■ PROBLEM TO SOLVE
Print every line below exactly. Skip the pictures.

■ INPUT DATA
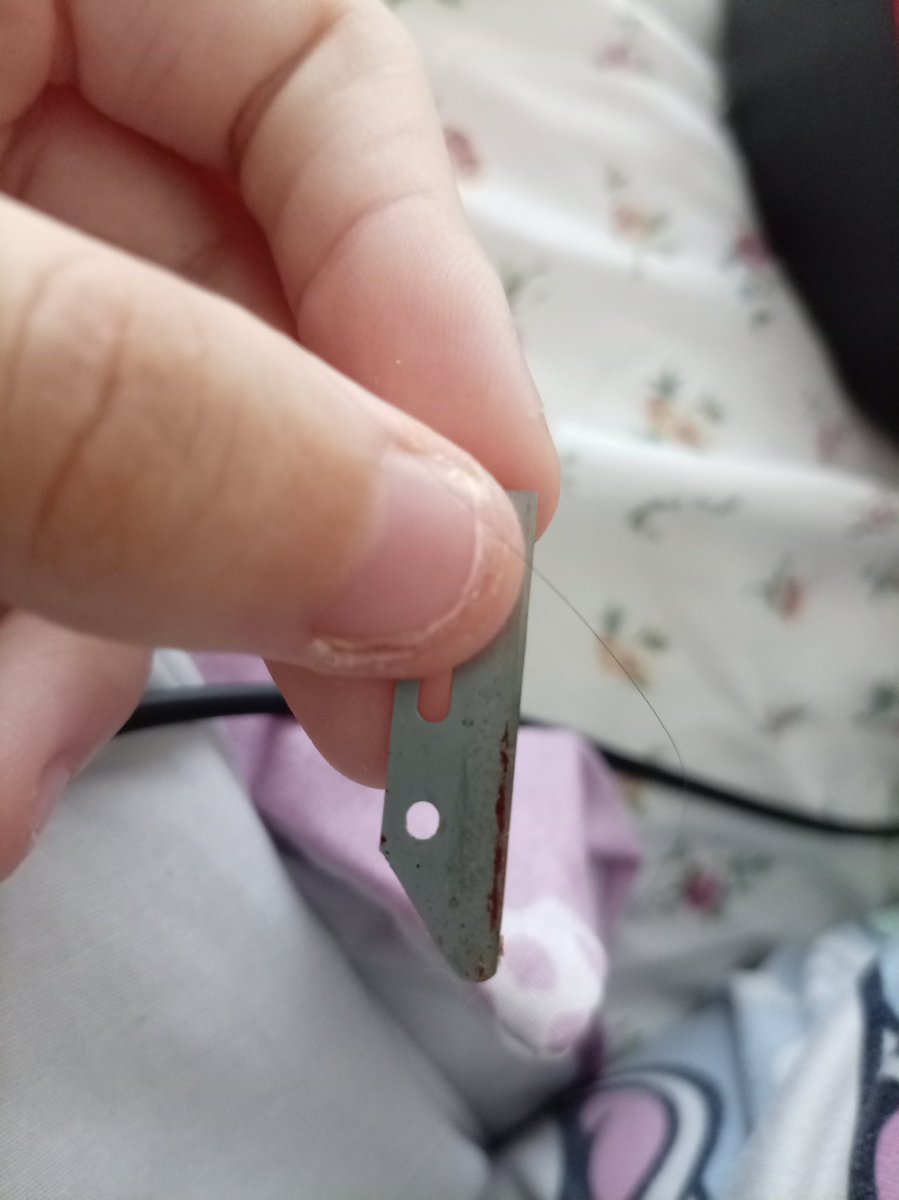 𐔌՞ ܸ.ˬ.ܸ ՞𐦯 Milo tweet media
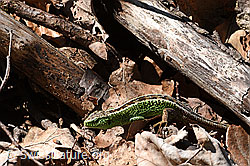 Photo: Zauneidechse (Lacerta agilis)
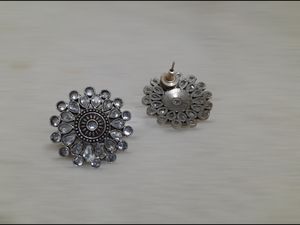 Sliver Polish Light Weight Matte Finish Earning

■ RESULT OF THE EXERCISE
 𐔌՞ ܸ.ˬ.ܸ ՞𐦯 Milo tweet media
 Photo: Zauneidechse (Lacerta agilis)
 Sliver Polish Light Weight Matte Finish Earning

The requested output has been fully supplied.